The code consists of the following steps:

Sample complex points as the solution to a polynomial equation (p+tq for fixed p, q such that sum((p+tq)^5)=0).
For each sample point (each point consists of 4 complex numbers) compute a weight using jax.grad.
Take the mean over batch_size of these weights as one batch-step.
Iterate over a given number of batches and add up all means obtained from the batch-steps.
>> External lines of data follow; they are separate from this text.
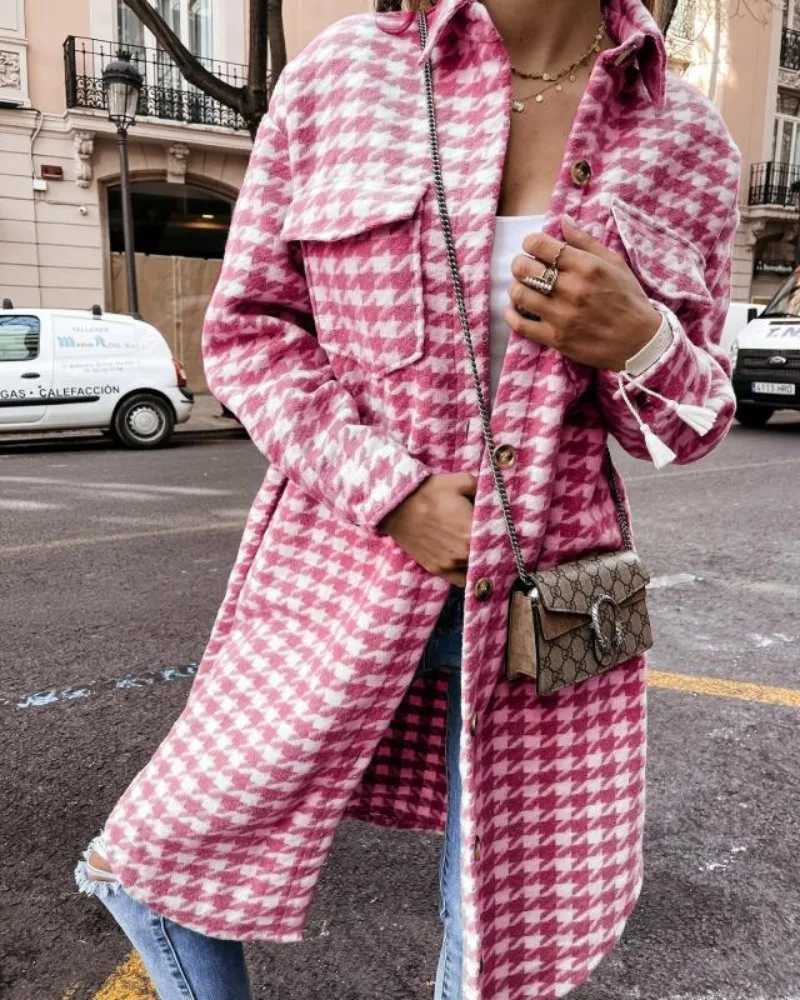 Womens Clothing Autumn and Winter New Fashion Commuter Houndstooth Printed Woolen JacketX241009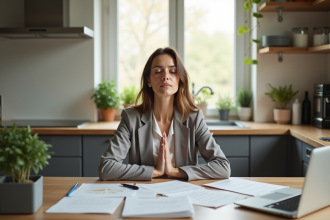 Femme en méditation dans sa cuisine moderne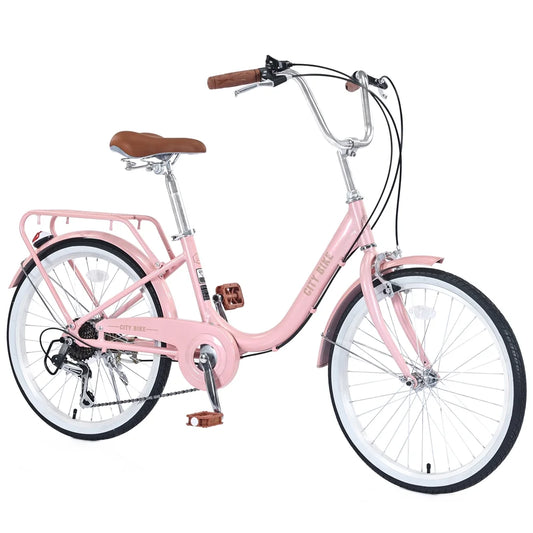 Yone jx je Kids Bike 22 Inch Bicycle for Girls Ages 8+Years, Aluminium Alloy Frame,7-speed Shifter and derailleur,Pink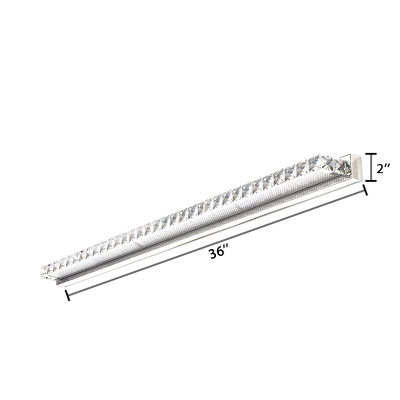 Crystal Linear LED Vanity Light Contemporary Makeup Lighting Fixture in Chrome Finish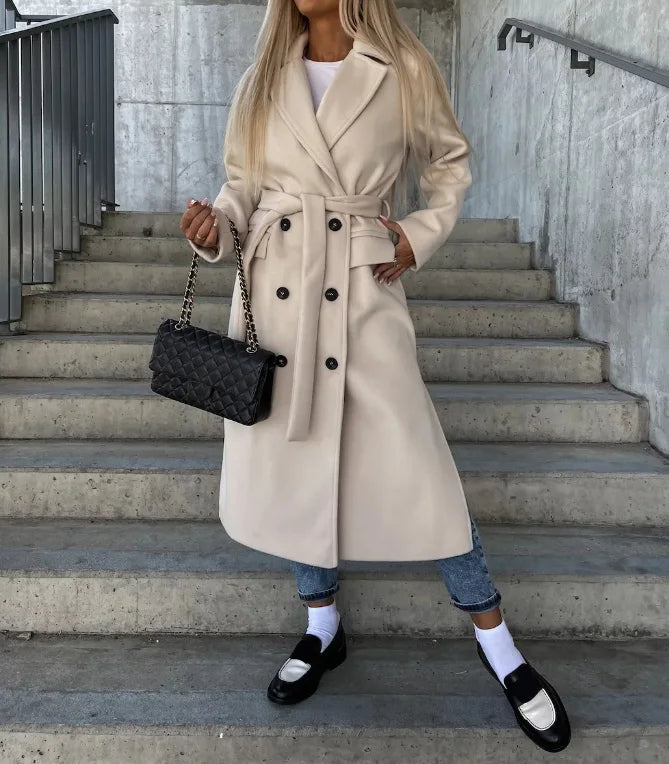 Ines | Warme Trenchcoat met Ceintuur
The following is a script taking two true/false arguments: whether to apply jit and whether to use the fori_loop (the combination true flase takes very long to compile). It contains parts to save the samples, so the weights that should have been obtained can be checked afterwards, and it can be excluded that the error occurs because something changes about the sampling (up to numerical error the samples are the same independent of jit use – as they should be using the same keys).

from jax.config import config
config.update("jax_enable_x64", True)

import jax
import jax.numpy as jnp
import numpy as onp
import functools
import sys


def pop(arr, index):
    # drop and return value at index in arr
    rolled = jnp.roll(arr, -index, axis=0)
    return rolled[0], jnp.roll(rolled[1:], index, axis=0)


def insert_col(mat, col, index):
    # insert column col at index into matrix mat
    mat = jnp.roll(mat, -index, axis=1)
    mat = jnp.concatenate([col.reshape(-1, 1), mat], axis=1)
    return jnp.roll(mat, index, axis=1)


@functools.partial(jax.grad, argnums=0, holomorphic=True)
def grad_eqn(z, p):
    return jnp.sum(z ** 5) + p * jnp.prod(z)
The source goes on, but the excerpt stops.